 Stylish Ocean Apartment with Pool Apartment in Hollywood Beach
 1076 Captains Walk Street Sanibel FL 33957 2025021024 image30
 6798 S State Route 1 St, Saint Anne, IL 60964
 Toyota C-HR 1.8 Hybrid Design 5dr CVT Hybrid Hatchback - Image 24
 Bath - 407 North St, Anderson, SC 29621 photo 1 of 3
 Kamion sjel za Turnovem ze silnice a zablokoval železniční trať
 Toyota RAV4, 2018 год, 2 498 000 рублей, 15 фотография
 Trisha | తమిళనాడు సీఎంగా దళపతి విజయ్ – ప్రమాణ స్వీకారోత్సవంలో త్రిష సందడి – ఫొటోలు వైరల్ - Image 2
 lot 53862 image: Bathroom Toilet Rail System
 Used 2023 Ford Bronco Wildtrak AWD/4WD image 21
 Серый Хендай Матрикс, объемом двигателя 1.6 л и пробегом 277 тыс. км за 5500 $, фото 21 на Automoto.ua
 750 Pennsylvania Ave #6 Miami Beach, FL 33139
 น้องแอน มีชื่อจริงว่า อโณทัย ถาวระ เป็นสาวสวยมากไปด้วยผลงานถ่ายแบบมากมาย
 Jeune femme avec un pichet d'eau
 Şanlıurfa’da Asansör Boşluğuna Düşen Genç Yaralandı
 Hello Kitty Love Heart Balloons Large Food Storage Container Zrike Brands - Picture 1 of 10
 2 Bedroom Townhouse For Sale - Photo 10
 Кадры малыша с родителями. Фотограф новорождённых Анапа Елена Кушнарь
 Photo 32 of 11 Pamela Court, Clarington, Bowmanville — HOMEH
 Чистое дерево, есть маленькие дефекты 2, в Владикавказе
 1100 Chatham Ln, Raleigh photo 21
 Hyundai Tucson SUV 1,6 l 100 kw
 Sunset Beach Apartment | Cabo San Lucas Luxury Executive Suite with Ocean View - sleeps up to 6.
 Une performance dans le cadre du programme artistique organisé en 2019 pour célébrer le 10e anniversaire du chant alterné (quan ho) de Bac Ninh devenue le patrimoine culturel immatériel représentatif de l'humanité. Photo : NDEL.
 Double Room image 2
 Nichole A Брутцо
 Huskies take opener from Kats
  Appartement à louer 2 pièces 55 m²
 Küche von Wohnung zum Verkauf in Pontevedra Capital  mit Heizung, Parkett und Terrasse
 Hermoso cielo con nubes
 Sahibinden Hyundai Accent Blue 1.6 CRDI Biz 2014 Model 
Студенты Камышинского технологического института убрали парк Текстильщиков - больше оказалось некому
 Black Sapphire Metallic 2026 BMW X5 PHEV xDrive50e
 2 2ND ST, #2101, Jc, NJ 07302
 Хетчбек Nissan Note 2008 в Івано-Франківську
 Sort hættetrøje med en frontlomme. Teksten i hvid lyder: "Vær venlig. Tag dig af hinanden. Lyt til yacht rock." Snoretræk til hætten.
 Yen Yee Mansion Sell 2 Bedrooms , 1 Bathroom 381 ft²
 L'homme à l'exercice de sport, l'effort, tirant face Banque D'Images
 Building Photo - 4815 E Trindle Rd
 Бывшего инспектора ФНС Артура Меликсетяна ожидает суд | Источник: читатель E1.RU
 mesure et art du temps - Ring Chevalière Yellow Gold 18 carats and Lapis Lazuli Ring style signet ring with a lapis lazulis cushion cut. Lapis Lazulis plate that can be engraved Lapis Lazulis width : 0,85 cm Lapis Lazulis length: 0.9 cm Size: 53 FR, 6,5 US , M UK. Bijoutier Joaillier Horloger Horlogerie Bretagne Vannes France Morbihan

= = =

Task requirements
Transcribe every record. Match each line exactly.

Solution
 Stylish Ocean Apartment with Pool Apartment in Hollywood Beach
 1076 Captains Walk Street Sanibel FL 33957 2025021024 image30
 6798 S State Route 1 St, Saint Anne, IL 60964
 Toyota C-HR 1.8 Hybrid Design 5dr CVT Hybrid Hatchback - Image 24
 Bath - 407 North St, Anderson, SC 29621 photo 1 of 3
 Kamion sjel za Turnovem ze silnice a zablokoval železniční trať
 Toyota RAV4, 2018 год, 2 498 000 рублей, 15 фотография
 Trisha | తమిళనాడు సీఎంగా దళపతి విజయ్ – ప్రమాణ స్వీకారోత్సవంలో త్రిష సందడి – ఫొటోలు వైరల్ - Image 2
 lot 53862 image: Bathroom Toilet Rail System
 Used 2023 Ford Bronco Wildtrak AWD/4WD image 21
 Серый Хендай Матрикс, объемом двигателя 1.6 л и пробегом 277 тыс. км за 5500 $, фото 21 на Automoto.ua
 750 Pennsylvania Ave #6 Miami Beach, FL 33139
 น้องแอน มีชื่อจริงว่า อโณทัย ถาวระ เป็นสาวสวยมากไปด้วยผลงานถ่ายแบบมากมาย
 Jeune femme avec un pichet d'eau
 Şanlıurfa’da Asansör Boşluğuna Düşen Genç Yaralandı
 Hello Kitty Love Heart Balloons Large Food Storage Container Zrike Brands - Picture 1 of 10
 2 Bedroom Townhouse For Sale - Photo 10
 Кадры малыша с родителями. Фотограф новорождённых Анапа Елена Кушнарь
 Photo 32 of 11 Pamela Court, Clarington, Bowmanville — HOMEH
 Чистое дерево, есть маленькие дефекты 2, в Владикавказе
 1100 Chatham Ln, Raleigh photo 21
 Hyundai Tucson SUV 1,6 l 100 kw
 Sunset Beach Apartment | Cabo San Lucas Luxury Executive Suite with Ocean View - sleeps up to 6.
 Une performance dans le cadre du programme artistique organisé en 2019 pour célébrer le 10e anniversaire du chant alterné (quan ho) de Bac Ninh devenue le patrimoine culturel immatériel représentatif de l'humanité. Photo : NDEL.
 Double Room image 2
 Nichole A Брутцо
 Huskies take opener from Kats
  Appartement à louer 2 pièces 55 m²
 Küche von Wohnung zum Verkauf in Pontevedra Capital  mit Heizung, Parkett und Terrasse
 Hermoso cielo con nubes
 Sahibinden Hyundai Accent Blue 1.6 CRDI Biz 2014 Model 
Студенты Камышинского технологического института убрали парк Текстильщиков - больше оказалось некому
 Black Sapphire Metallic 2026 BMW X5 PHEV xDrive50e
 2 2ND ST, #2101, Jc, NJ 07302
 Хетчбек Nissan Note 2008 в Івано-Франківську
 Sort hættetrøje med en frontlomme. Teksten i hvid lyder: "Vær venlig. Tag dig af hinanden. Lyt til yacht rock." Snoretræk til hætten.
 Yen Yee Mansion Sell 2 Bedrooms , 1 Bathroom 381 ft²
 L'homme à l'exercice de sport, l'effort, tirant face Banque D'Images
 Building Photo - 4815 E Trindle Rd
 Бывшего инспектора ФНС Артура Меликсетяна ожидает суд | Источник: читатель E1.RU
 mesure et art du temps - Ring Chevalière Yellow Gold 18 carats and Lapis Lazuli Ring style signet ring with a lapis lazulis cushion cut. Lapis Lazulis plate that can be engraved Lapis Lazulis width : 0,85 cm Lapis Lazulis length: 0.9 cm Size: 53 FR, 6,5 US , M UK. Bijoutier Joaillier Horloger Horlogerie Bretagne Vannes France Morbihan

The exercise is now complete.